Tag Archives: skidding on a curve

Skidding on a Curve: Unbanked Curves – Uniform Circular Motion Example Problem

A 1000-kg car rounds a curve on a flat road of radius 50 m at a speed of 15 m/s Will the car follow the curve, or will it skid? Assume: (a) the pavement is dry and the coefficient of static friction is \mu _s=0.60; (b) the pavement is icy and \mu _s=0.25.


Solution:

The forces on the car are gravity mg downward, the normal force FN exerted upward by the road, and a horizontal friction force due to the road. They are shown in the free-body diagram of the car below. The car will follow the curve if the maximum static friction force is greater than the mass times the centripetal acceleration.

Part A

In the vertical direction (y) there is no acceleration. Newton’s second law tells us that the normal force on the car is equal to the weight mg since the road is flat:

\begin{align*}
\sum_{}^{}F_y & =m\ a_c\\
\\
F_N\ -\ mg & =0\\
\\
F_N&=mg\\
\\
F_N &=\left( 1000\ \text{kg} \right)\left( 9.81\ \text{m/s}^2 \right)\\
\\
F_N &=9810\  \text{N}
\end{align*}

In the horizontal direction the only force is friction, and we must compare it to the force needed to produce the centripetal acceleration to see if it is sufficient.

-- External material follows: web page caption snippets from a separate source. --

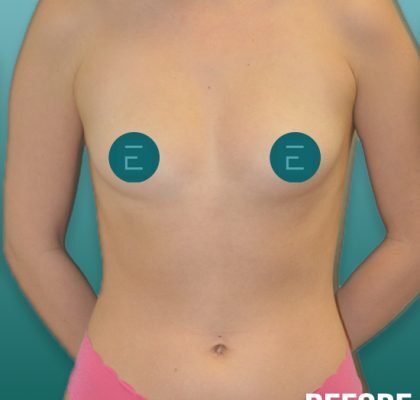 breast1-copy-1-420x464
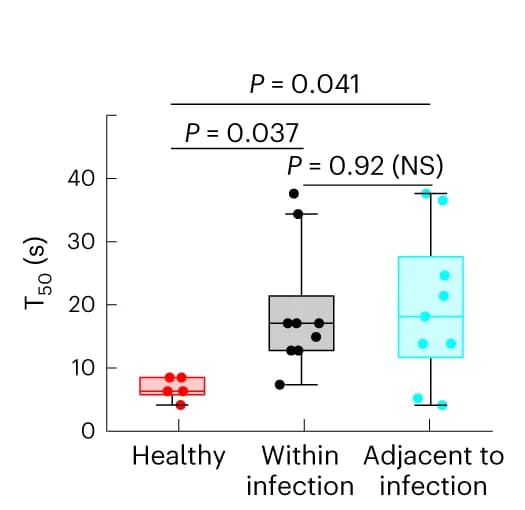 Open access visualization of Box Plot, Scatter Plot, Fluorescence Intensity, Capillary Bed, Pneumonia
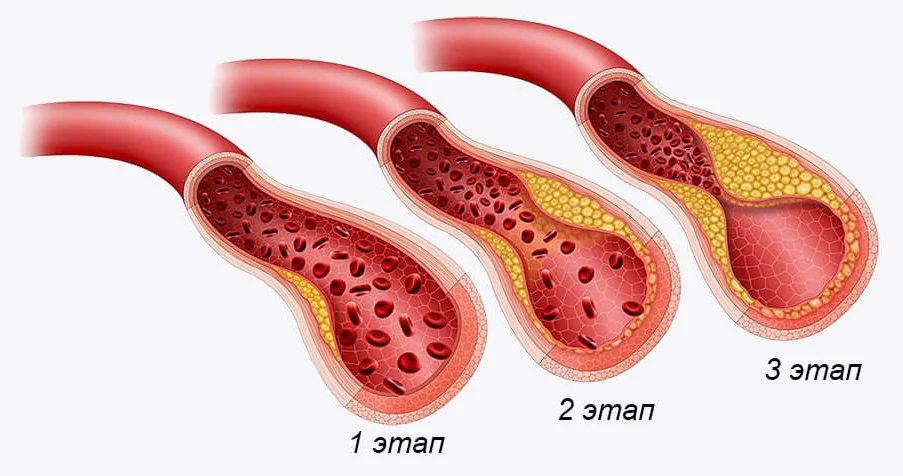Этапы формирования холестериновой бляшки в организме человека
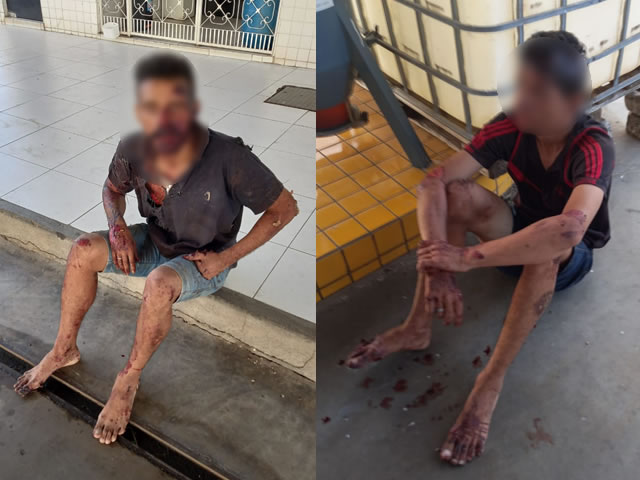 Os homens foram socorridos ao Hospital Regional de Sousa e após receberem alta médica foram levados à delegacia de Polícia Civil para serem adotados os procedimentos que determina a Lei (Foto: Reprodução)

The net horizontal force required to keep the car moving in a circle around the curve is

\begin{align*}
\sum_{}^{}F_c & =m\ a_c\\
\\
 & =m\cdot \frac{v^2}{r}\\
\\
& =\left( 1000\ \text{kg} \right)\cdot \frac{\left( 15\ \text{m/s} \right)^2}{50\ \text{m}}\\
\\
&=4500\ \text{N}
\end{align*}

Now we compute the maximum total static friction force (the sum of the friction forces acting on each of the four tires) to see if it can be large enough to provide a safe centripetal acceleration. For (a), \mu _s=0.60, and the maximum friction force attainable is

\begin{align*}
\sum_{}^{}F_{fr_{max}}& =\mu _s \ F_N\\
\\
&=\left( 0.60 \right)\left( 9810\ \text{N} \right)\\
\\
&=5886\ \text{N}
\end{align*}

Since a force of only 4500 N is needed, and that is, in fact, how much will be exerted by the road as a static friction force, the car can follow the curve.

Part B

The maximum static friction force possible is

\begin{align*}
\sum_{}^{}F_{fr_{max}}& =\mu _s \ F_N\\
\\
&=\left( 0.25 \right)\left( 9810\ \text{N} \right)\\
\\
&=2452.5\ \text{N}
\end{align*}

The car will skid because the ground cannot exert sufficient force (4500 N is needed) to keep it moving in a curve of radius 50 m at a speed of 54 km/h.